- WHAT THE TASK REQUIRES:
Look through the material below and copy exactly the lines from the line with "Ghana Sg173 1958 2d Chocolate Fine photo" to the line with "Micah Hamilton /175", those two lines included.

- PROVIDED RECORDS:

----

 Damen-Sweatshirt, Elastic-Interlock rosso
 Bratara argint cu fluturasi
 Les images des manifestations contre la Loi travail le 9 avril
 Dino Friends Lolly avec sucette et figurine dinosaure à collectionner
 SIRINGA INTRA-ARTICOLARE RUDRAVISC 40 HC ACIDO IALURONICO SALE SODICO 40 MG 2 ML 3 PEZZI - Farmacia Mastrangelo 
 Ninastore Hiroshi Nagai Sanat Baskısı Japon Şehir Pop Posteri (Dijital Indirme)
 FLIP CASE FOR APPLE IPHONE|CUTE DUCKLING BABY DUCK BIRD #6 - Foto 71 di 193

----

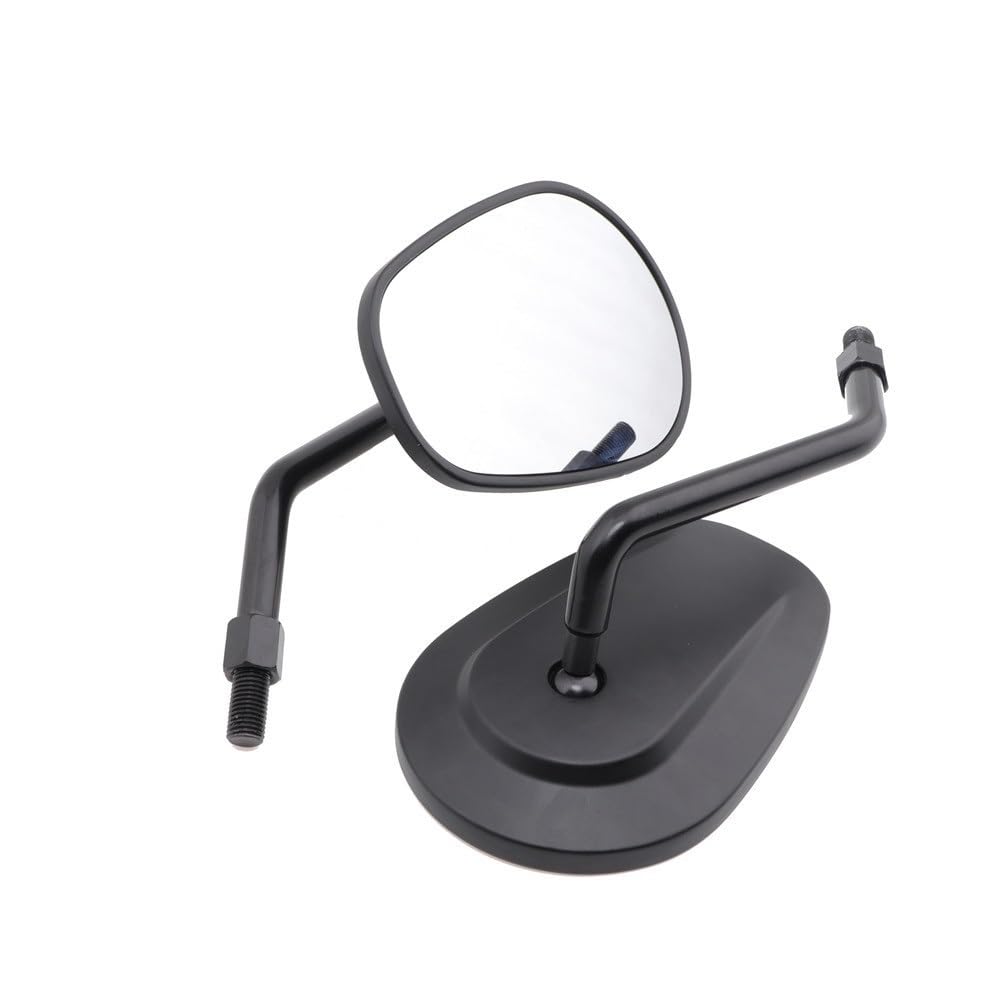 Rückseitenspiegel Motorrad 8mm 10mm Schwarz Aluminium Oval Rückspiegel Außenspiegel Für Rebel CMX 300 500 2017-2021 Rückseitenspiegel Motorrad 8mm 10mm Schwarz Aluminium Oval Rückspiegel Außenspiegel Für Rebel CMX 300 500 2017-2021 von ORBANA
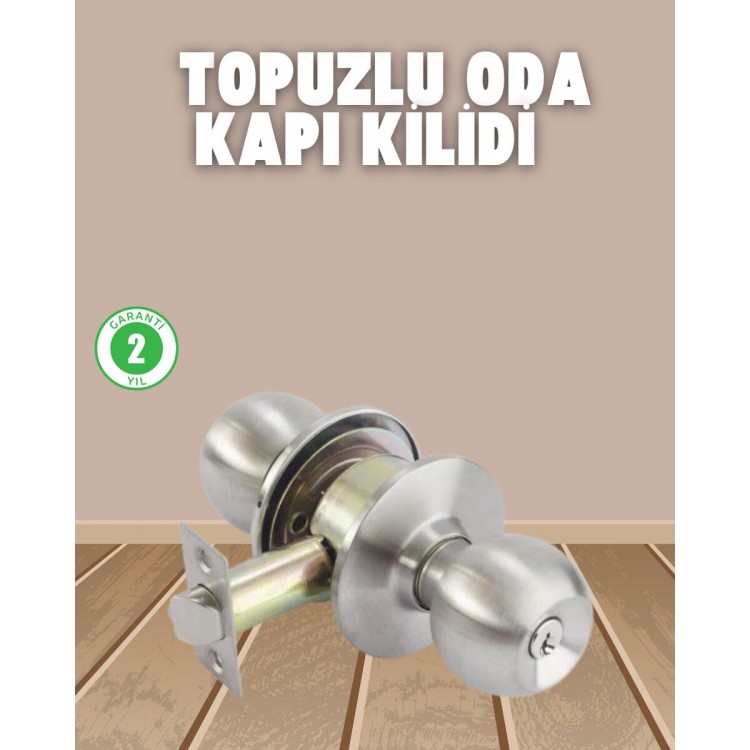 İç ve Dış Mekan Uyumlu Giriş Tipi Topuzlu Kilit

----

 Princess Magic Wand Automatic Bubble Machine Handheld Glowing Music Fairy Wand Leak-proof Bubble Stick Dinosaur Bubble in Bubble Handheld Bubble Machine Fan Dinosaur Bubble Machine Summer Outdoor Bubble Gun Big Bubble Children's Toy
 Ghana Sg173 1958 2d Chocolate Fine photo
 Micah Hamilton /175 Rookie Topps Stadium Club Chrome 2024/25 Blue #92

----

- RESPONSE TO THIS TASK:
 Ghana Sg173 1958 2d Chocolate Fine photo
 Micah Hamilton /175 Rookie Topps Stadium Club Chrome 2024/25 Blue #92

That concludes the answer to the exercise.